── SUPPLIED INFORMATION

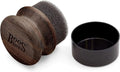 John Boos Oil & Cream Round Applicator for Wood Cutting Boards, Butcher Blocks & Utensils, Walnut - Solid Hardwood Handle, Silver Ion-Treated Sponge, Storage Cap, Easy and Even Application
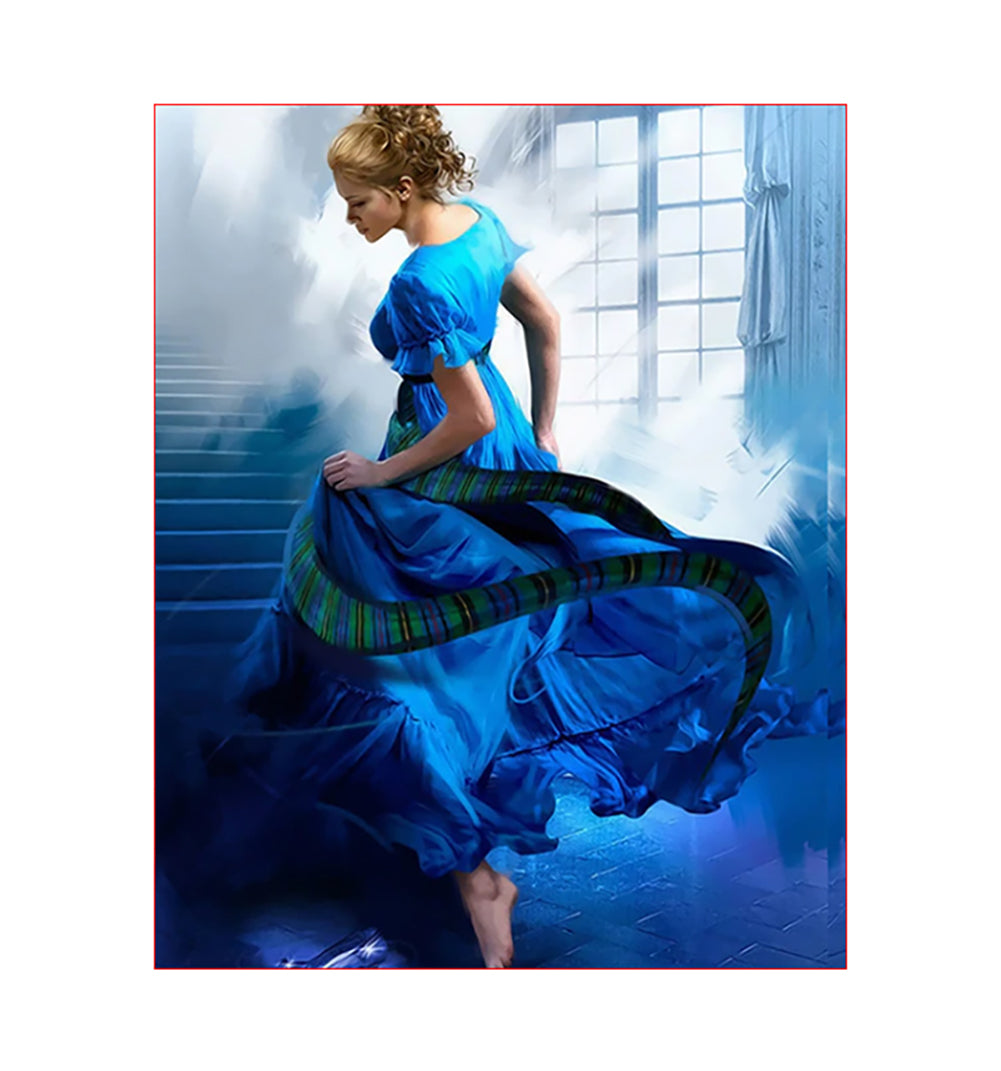 Flowing Blue Gown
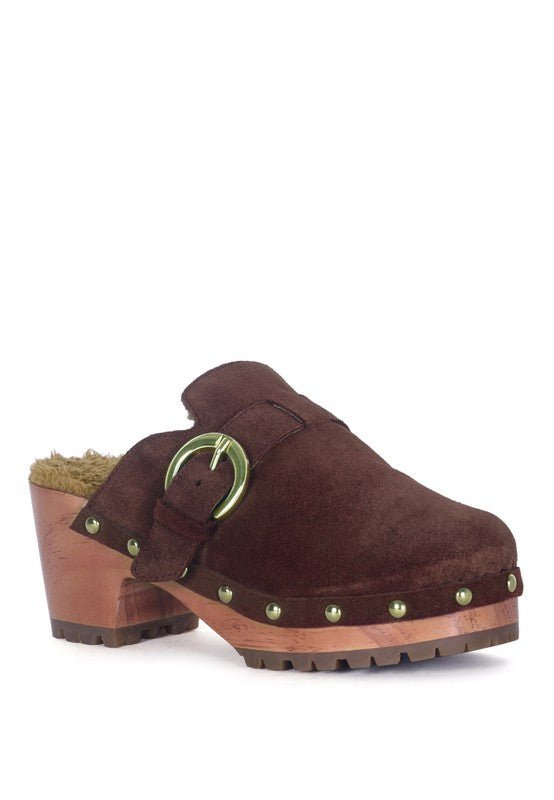 PRUNUS BUCKLED SUEDE ROUND TOE MULE CLOGS - TayDiane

────

# TASK TO CARRY OUT
Starting from the first line of the listing above, write out every line exactly through the one containing "Flowing Blue Gown", and drop the pictures.

# TASK RESPONSE
 John Boos Oil & Cream Round Applicator for Wood Cutting Boards, Butcher Blocks & Utensils, Walnut - Solid Hardwood Handle, Silver Ion-Treated Sponge, Storage Cap, Easy and Even Application
 Flowing Blue Gown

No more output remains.